Given information
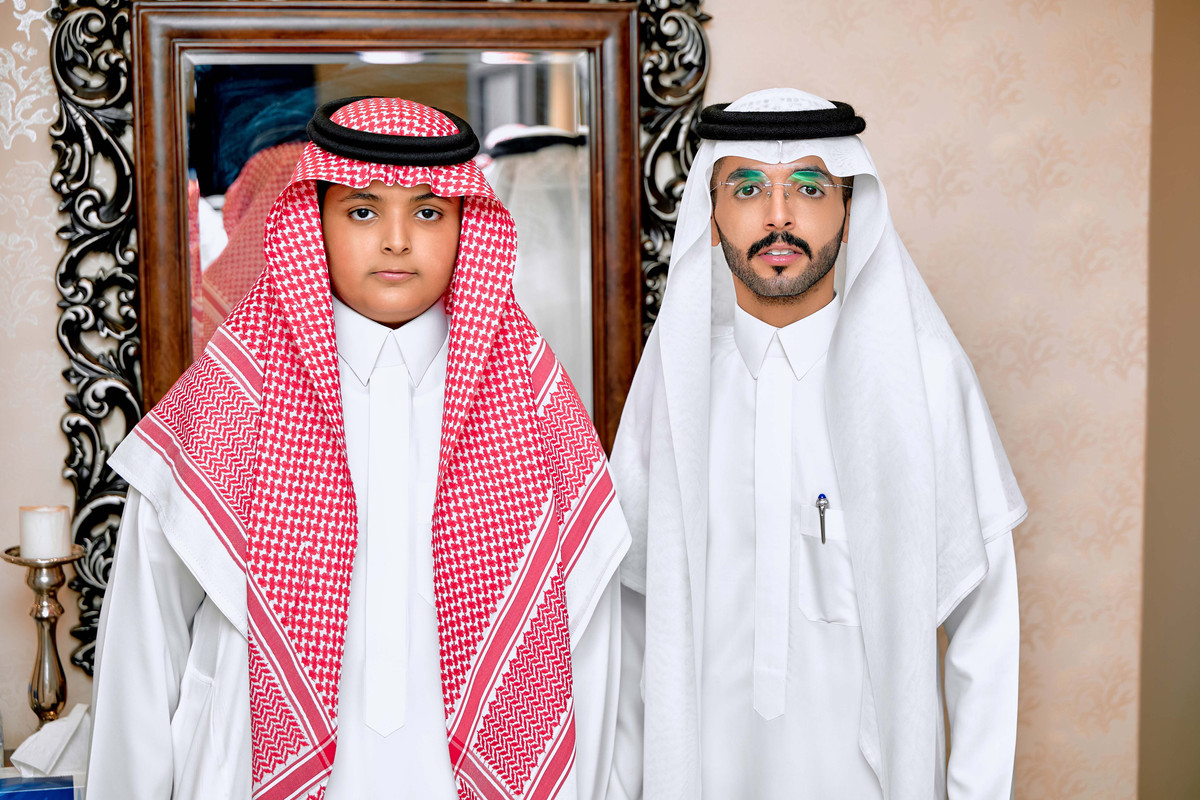 Freelancers J68A2789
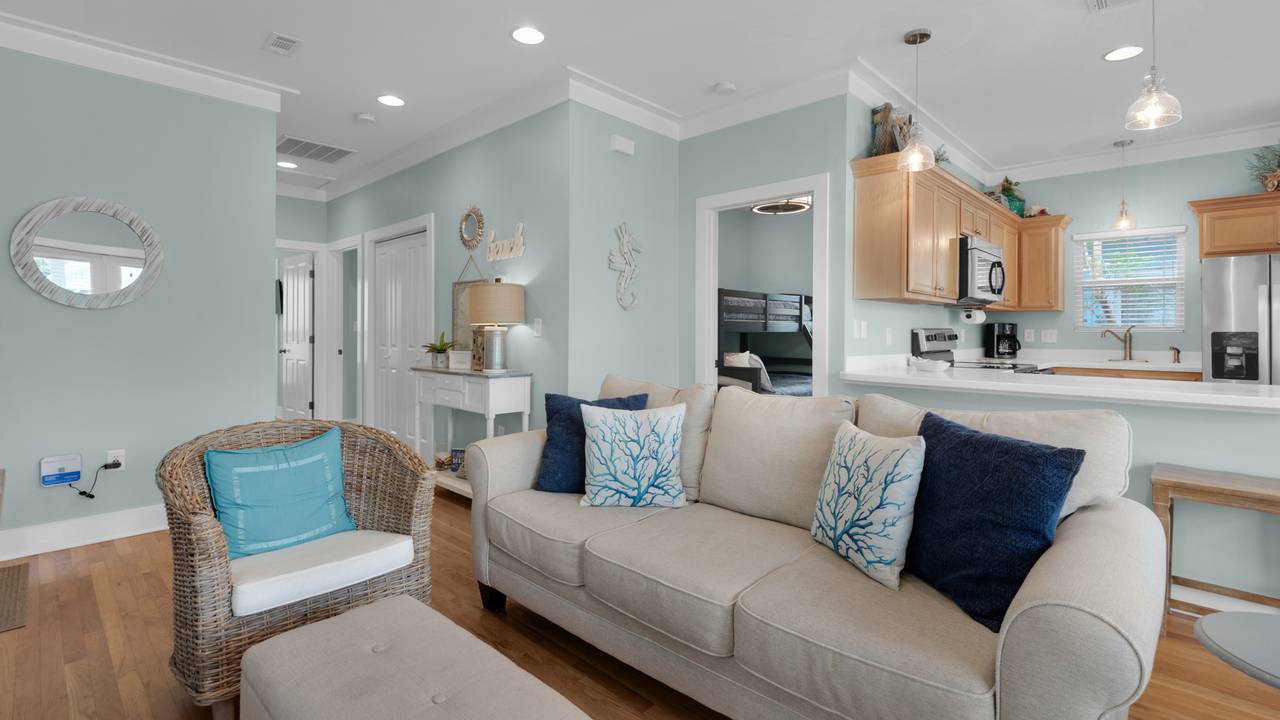 Beach Therapy Beach Therapy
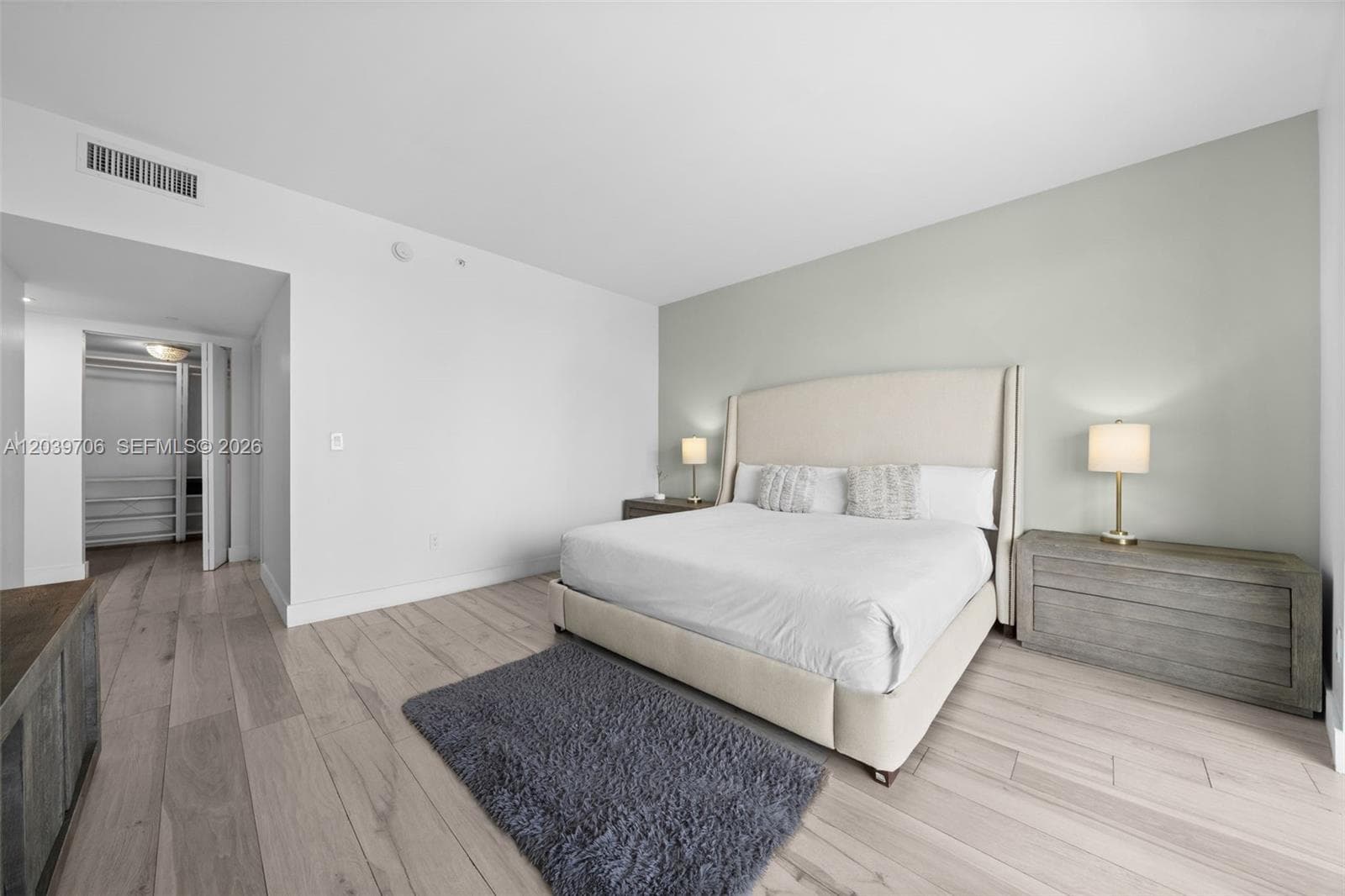 BEACHWALK CONDOMINIUM · #T3001 in Hallandale Beach - Photo 10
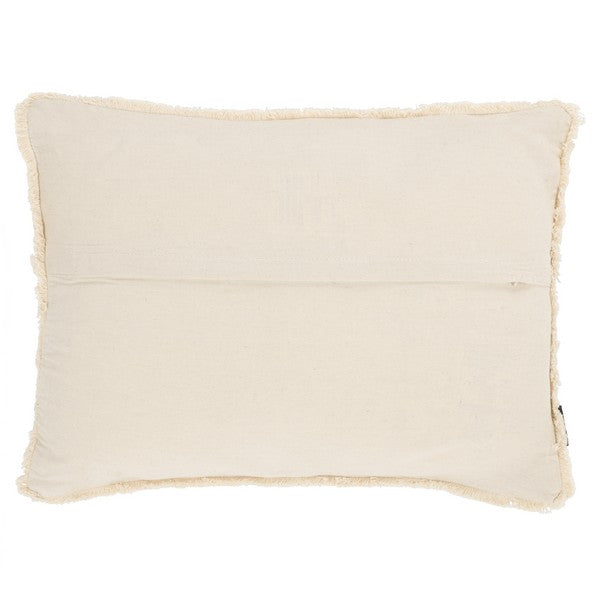 Rory Pillow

Activity
Copy each line above precisely, dropping the pictures.

Task response
 Freelancers J68A2789
 Beach Therapy Beach Therapy
 BEACHWALK CONDOMINIUM · #T3001 in Hallandale Beach - Photo 10
 Rory Pillow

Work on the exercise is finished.